Alla base di tutto c’è la storia di 250mila euro apparentemente spariti nel nulla. A tirarla fuori sono tre promotori finanziari – Francesco La Grotteria, Christian Marchetti e Ivan Giovannetti – che hanno accusato esplicitamente il commercialista Giuseppe Giovanni Nucera (non indagato). A dire dei tre, il commercialista era stato coinvolto nella complessa vicenda dell’erogazione di un prestito ad alcuni clienti francesi, “operazione cui era accompagnata una fattura per la prestazione di servizi fasulli ed un bonifico di una somma di 250mila euro in favore di una società facente capo allo stesso Nucera” scrive il giudice. Secondo quanto sostenuto dai tre e riportato negli atti dell’inchiesta, condotta dalle pm Sara Ombra e Paola Biondolillo, il commercialista era divenuto custode nel suo studio della somma di denaro: si tratterebbe proprio della sede della società Take Off di Nucera, che ha la sede in piazza Duomo 16. Quei soldi sarebbero poi spariti, sostituiti “nelle scatole in cui si trovava, con del polistirolo”. A quel punto erano partite le accuse incrociate di aver rubato quel denaro.

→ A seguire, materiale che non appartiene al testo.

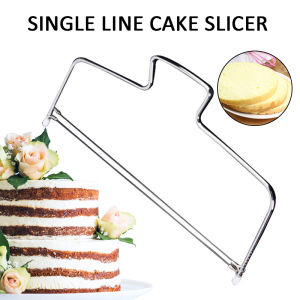 1PC Double Line Cake Cut Slicer Adjustable Stainless Steel Cake Decorating Mold DIY Bakeware Kitchen Cooking Tool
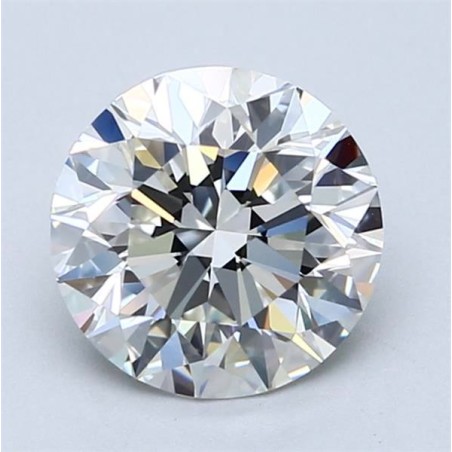 Diament szlif okrągły, 2ct, VS2, I, GIA 6541337794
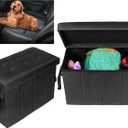 Car Back Seat Extender for Dogs up to 300lbs Car Seat Extender Back and Front Gap Filler with Storage Prevent Your Dogs from Falling Off(1 Pack)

Ma cosa ha spinto i tre a rivolgersi agli Oppedisano? Secondo quanto raccontato a verbale, dopo le “implausibili” accuse di Nucera di aver fatto sparire i soldi era entrato in scena un uomo che, mostrando una pistola, aveva preteso dai promotori finanziari 30mila euro, come spettanza del commercialista. “La paura era tanta e il terrore di subire ritorsioni personali e contro i familiari era così elevato da impedirci di fare denuncia” hanno raccontato i tre. La trappola si era quindi perfezionata con l’entrata in scena di Pasquale e Michele Oppedisano (ancora a processo per questi fatti) contattati tramite un cliente. I calabresi avevano iniziato a “mungere” gli operatori finanziari, garantendo protezione in cambio di soldi. Il gruppo degli Oppedisano al completo veniva fotografato il 28 giugno 2019 mentre usciva dal civico 16 di piazza del Duomo. Secondo il giudice i tre operatori finanziari erano in realtà finiti “in una doppia trappola” perché “anche il commercialista Nucera era infatti in qualche modo legato a famiglie della ‘ndrangheta calabrese”.

A confermarlo, ci sarebbe una cena “appositamente organizzata per comporre la questione” dagli Oppedisano in un ristorante milanese riconducibile al calabrese Giuseppe Sculli (non indagato), ex calciatore, il cui nome è già comparso in alcune indagini: e proprio Sculli “amico di tutte e due le famiglie coinvolte” avrebbe avuto il compito di “siglare” l’accordo. In realtà una sceneggiata secondo gli inquirenti “che sotto le vesti di un componimento bonario, (costato comunque ai tre almeno 10mila euro) delle pretese di Nucera l’obiettivo fosse non parlare più dei 250mila euro, una somma in effetti mai ricomparsa e probabilmente spartita tra Nucera e gli Oppedisano”.